Mr Turnbull says it is “likely” the coalition government will allow a conscience vote on gay marriage before the next election.

Mr Abbott however, has said he was not expecting it, arguing parliament previously had rejected the idea.

“I’m not expecting any legislation to come before the parliament because when legislation came before the last parliament it was fairly decisively dealt with,” the prime minister told reporters in Sydney.

“But if legislation comes before the parliament, it will be considered by our party room in the usual way.

“It is really up to individual members of parliament to propose private member’s bills if that’s what they want.”

After the High Court’s decision to strike down ACT same-sex marriage laws, attention has now shifted back to federal parliament.

Legislation to allow gay marriage was voted down in the last parliament, with then opposition leader Tony Abbott refusing to allow his party a conscience vote.

But Mr Turnbull, a supporter of gay marriage, says that could if change if the issue is revisited in the next three years.

“I think it is likely that we will (have a free vote), but as Tony Abbott has said, it is a decision for the party room, not for him,” he told Sky News on Sunday.

“If a free vote is allowed I will certainly vote in favour of a marriage equality bill.”

Mr Turnbull said it was too early to predict whether the new parliament would back same-sex marriage legislation but Australia appeared to be lagging behind other countries.
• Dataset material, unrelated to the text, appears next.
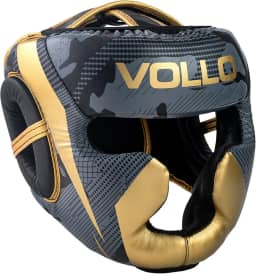 Protetor de Cabeça Capacete Fechado Boxe Muay Thai Kickboxing PU Vollo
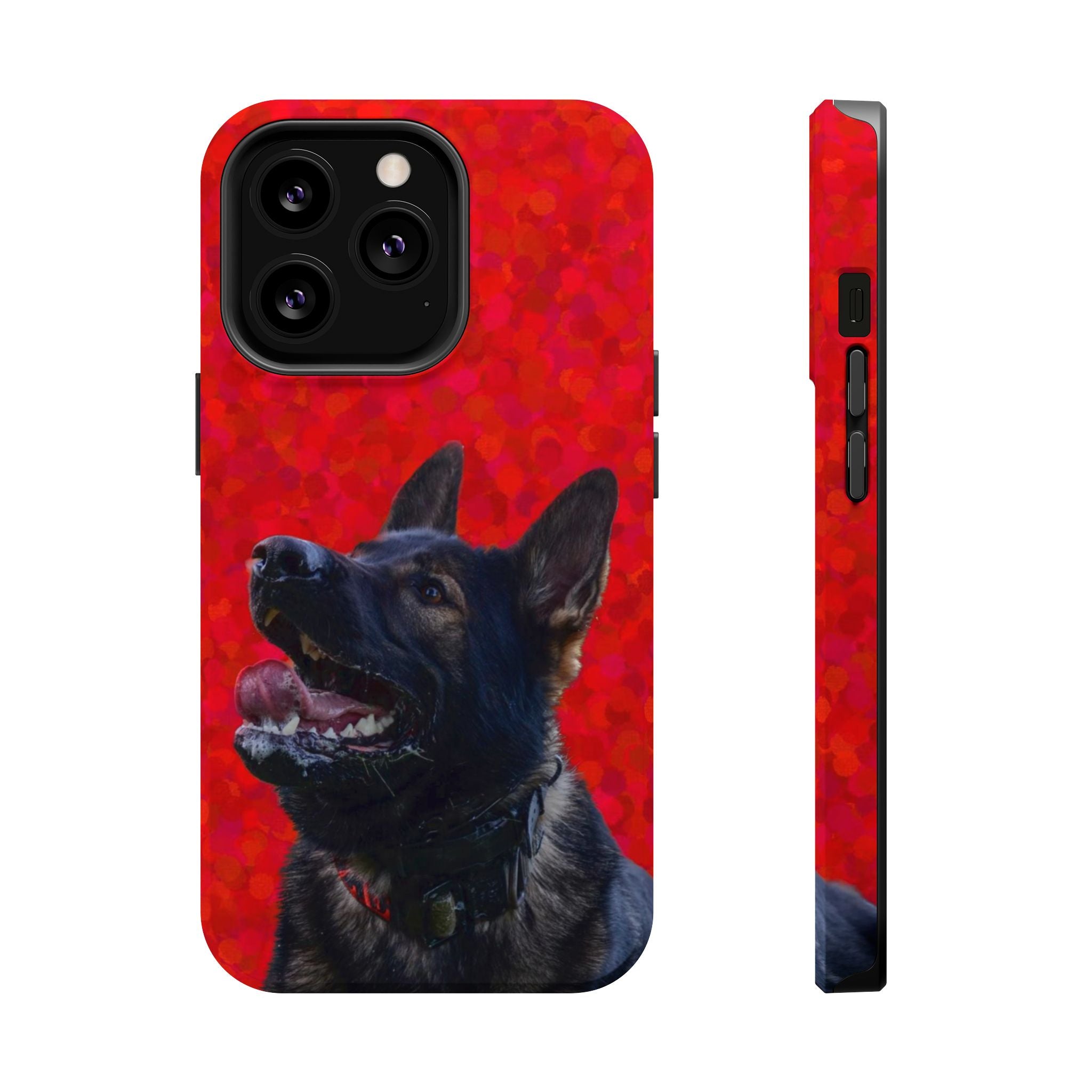 German Shepherd Portrait Magnetic Impact-Resistant Phone Case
The big change was not the composition of parliament, he said, but the international “context” in which New Zealand, Canada, South Africa and parts of the United States and the UK had legalised gay marriage.

“If you think about the countries that we are culturally closest to, they are the big English-speaking democracies,” Mr Turnbull said.

“So people of the same sex can get married in Auckland and Wellington, Toronto and Ottawa and Vancouver, in New York and Los Angeles, and Baltimore, in Cape Town, but not Australia.

“It does start to look as if we’re the ones out of step.”

Despite his support for gay marriage, the eastern Sydney MP said he would not co-sponsor a bill with Tanya Plibersek, as requested by the deputy Labor leader.

“I can’t co-sponsor a private member’s bill because I’m a member of the cabinet,” he said.